Hoey is the chief executive officer of the National Community Pharmacists Association, a trade and lobbying group of 23,000 independent pharmacies who together represent $93 billion in U.S. annual health-care spending and dispense nearly 40 percent of all retail prescriptions. Both the community pharmacy group and the National Association of Chain Drug Stores oppose the Express Scripts-Medco merger.
Hoey says independent pharmacies have held their own over the past decade, after many were driven out of business when big-box and chain retail pharmacies proliferated in the 1980s. About half of independent pharmacies are located in cities with populations of 20,000 or fewer. Today, “the single biggest challenge to our financial success is the pharmacy benefit managers, multibillion-dollar Wall Street companies that have wedged themselves in as middlemen between employers and pharmacies,” Hoey says. Although most Americans might be hard-pressed to identify which PBM processes their prescriptions, he says, they exert enormous influence over the pharmaceutical industry.
PBMs “dictate reimbursement terms and cash flow” to small pharmacies on a take-it-or-leave-it basis, he says: “The PBM is a competitor that can poach and cherry-pick the most profitable prescriptions, and they have made the [pharmaceutical insurance] payment system so convoluted it’s hard to pinpoint how they make their money.”
Express Scripts was founded 25 years ago, when PBMs were a new concept. Government studies have shown that PBMs reduce prescription costs, particularly when patients use PBM-owned mail-order dispensaries for 90-day supplies of regular medications.
Express Scripts’ spokesman Brian Henry disputes the doomsday fears around the proposed merger and says his company provides cost-effective benefits, works to drive down costs and medication errors, and values the role of small, independent pharmacies.
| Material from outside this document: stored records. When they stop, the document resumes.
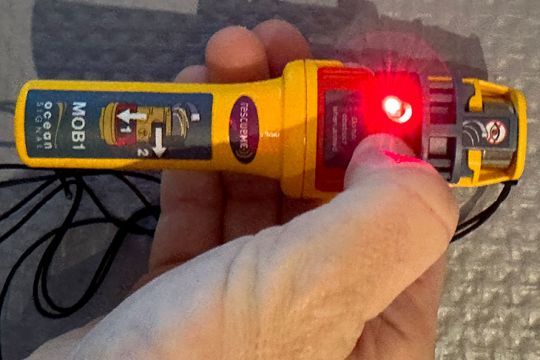 La balise clignote en rouge après avoir appuyé fortement sur T pendant 15 secondes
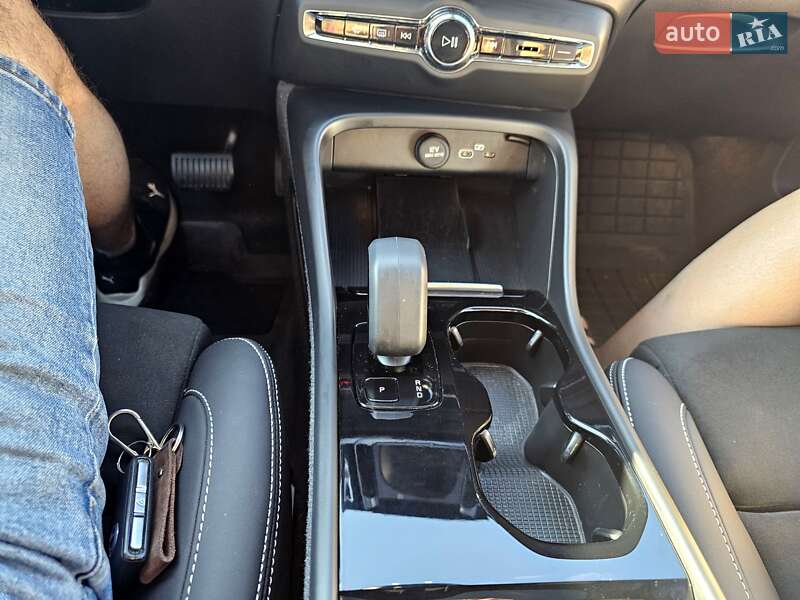 Внедорожник / Кроссовер Volvo C40 Recharge 2023 в Сваляве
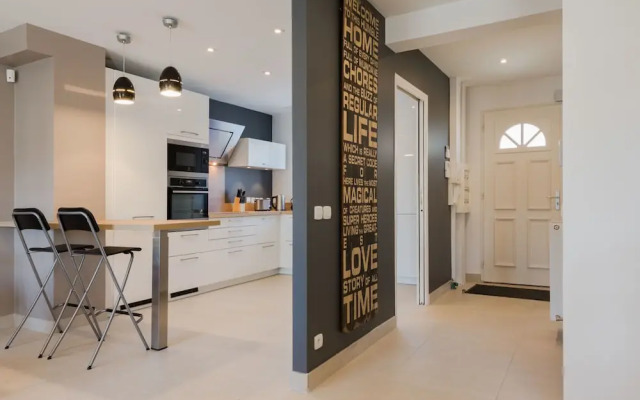 B&B House in Disneyland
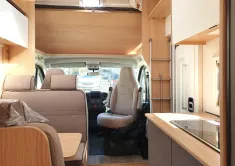 Bild 12 LMC Tourer A 690 6 Personen/3500 KG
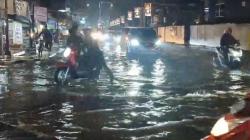 Hujan Deras Guyur Kawasan Wisata Lembang KBB, Banjir Rendam Ruas Jalan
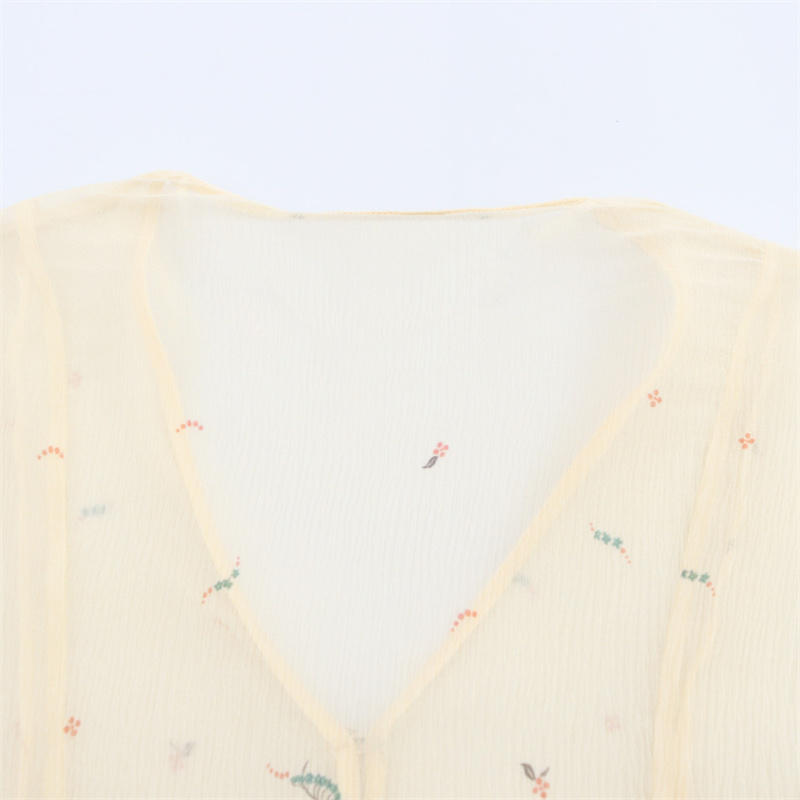 2025 Spring/Summer New Product Casual Women's Printed Shirt V-neck Buckle Decoration Fashionable and Versatile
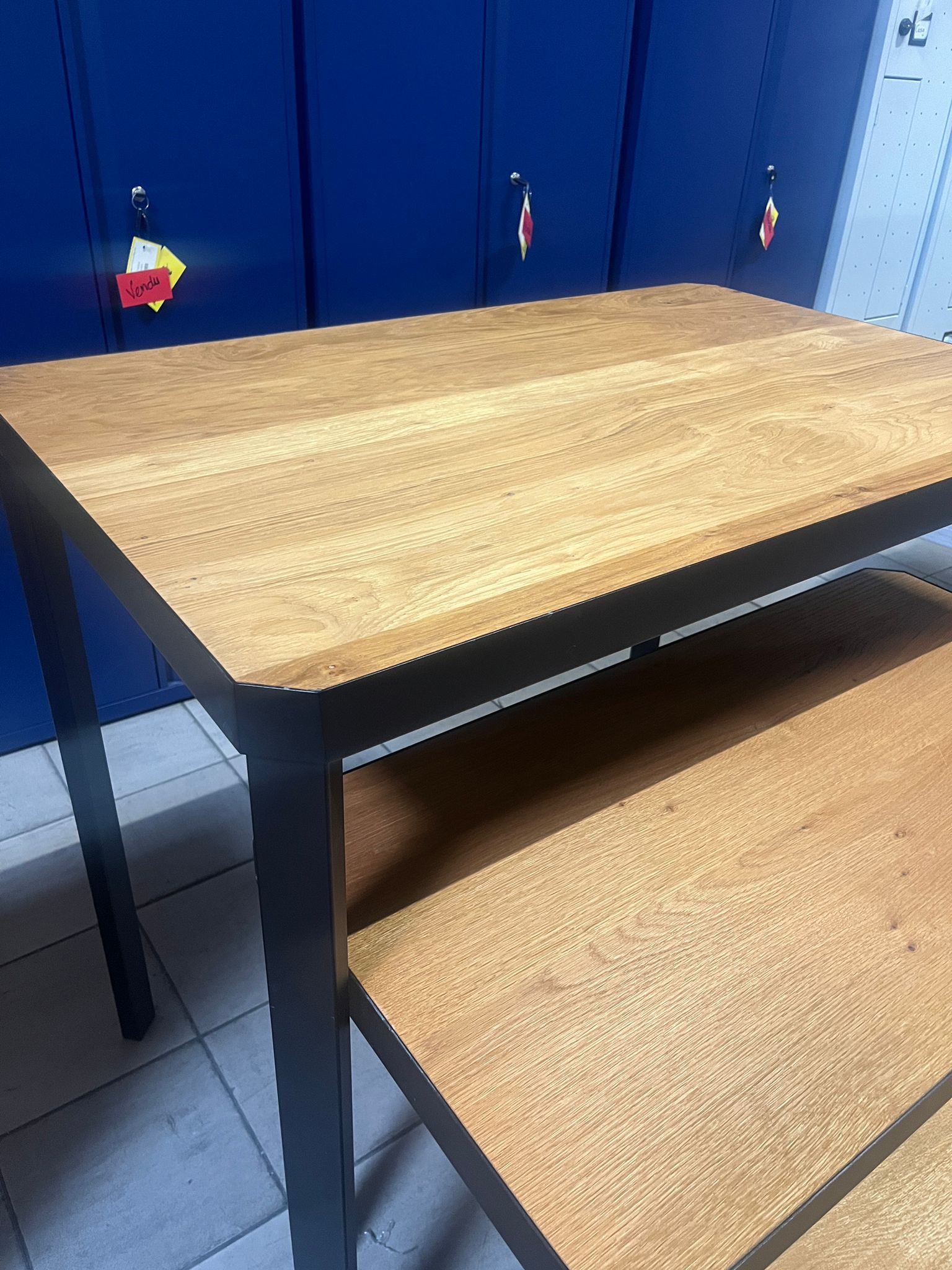 Lot de 3 tables présentation bois et métal - style industriel modulable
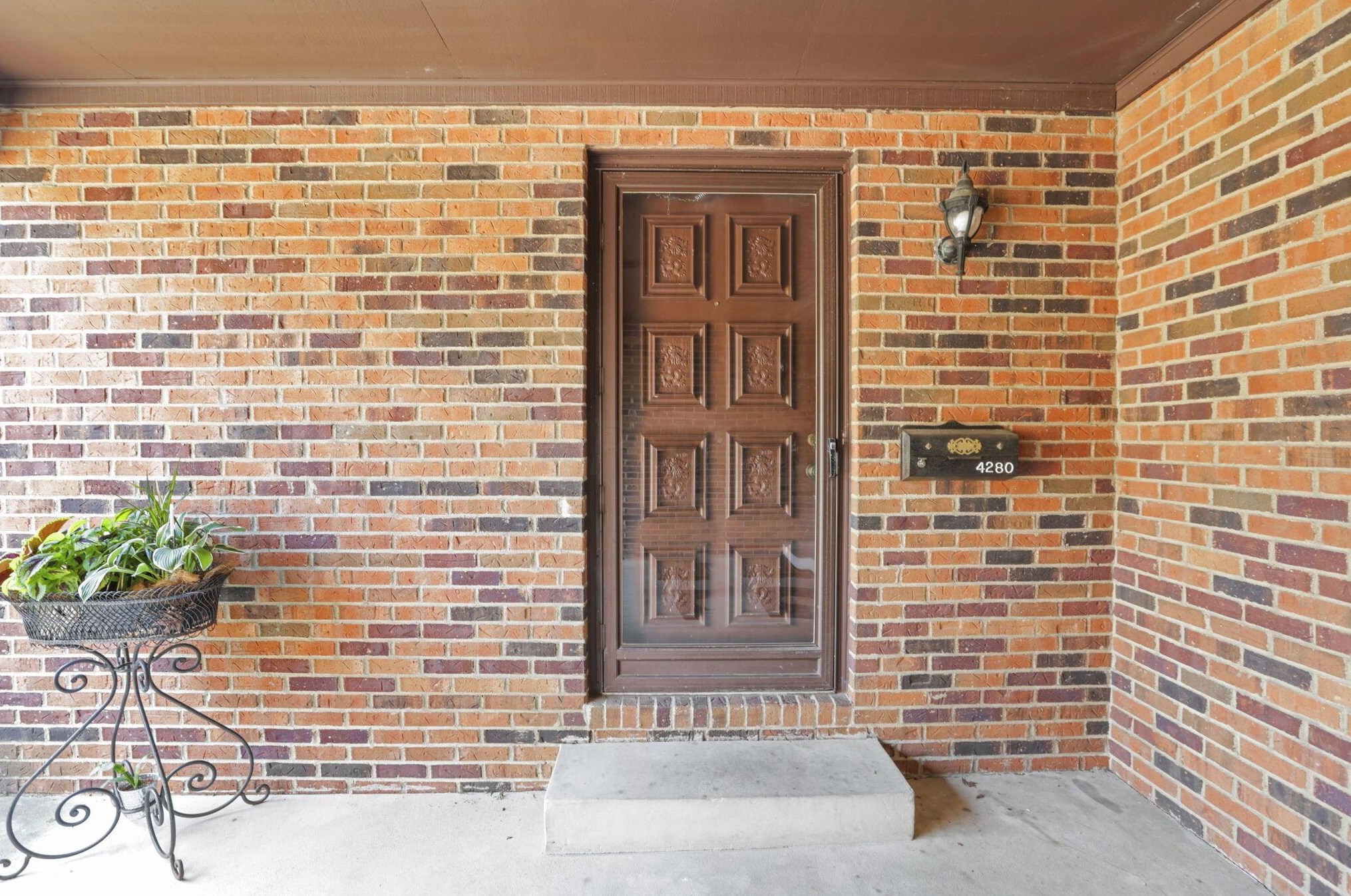 4280 Chaucer Ln, Columbus OH 43220-4055 exterior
The $45 billion corporation employs 14,000 in the U.S. and Canada.
“One-quarter of the 750 million prescriptions we managed in 2011 went through independent pharmacies, and we’re very proud of the relationship we have with them,” Henry says. “We understand that they provide critical care in certain rural communities, and we are accelerating what we can do to help them.” Mail-order accounts for a very small segment—about 8 percent—of Express Scripts’ overall volume, he says.
Independent pharmacy owners like Woods and Barker worry nonetheless. Although, like many independents, both pharmacists offer such medical services as respiratory therapy and prosthetics fittings, neither sell enough over-the-counter items to make up for a major loss in prescription revenue.
“I’m a pharmacy first; I’m not a retail giant. If I don’t profit on prescriptions, I go out of business,” Woods says. It also hurts when their education, skills, and patient relationships are devalued in favor of computers and mail-order: “People call me all hours of the day and night. They know where I live, and they come to my house if they need me,” says Woods, who employs seven full-time workers and for decades has trained pharmacy interns from Arkansas universities. “I cannot handle the competition from the pharmacy benefit managers who set rates I cannot control. I can complain, but it does no good whatsoever. And in a town of 3,000, I cannot make it up on volume.”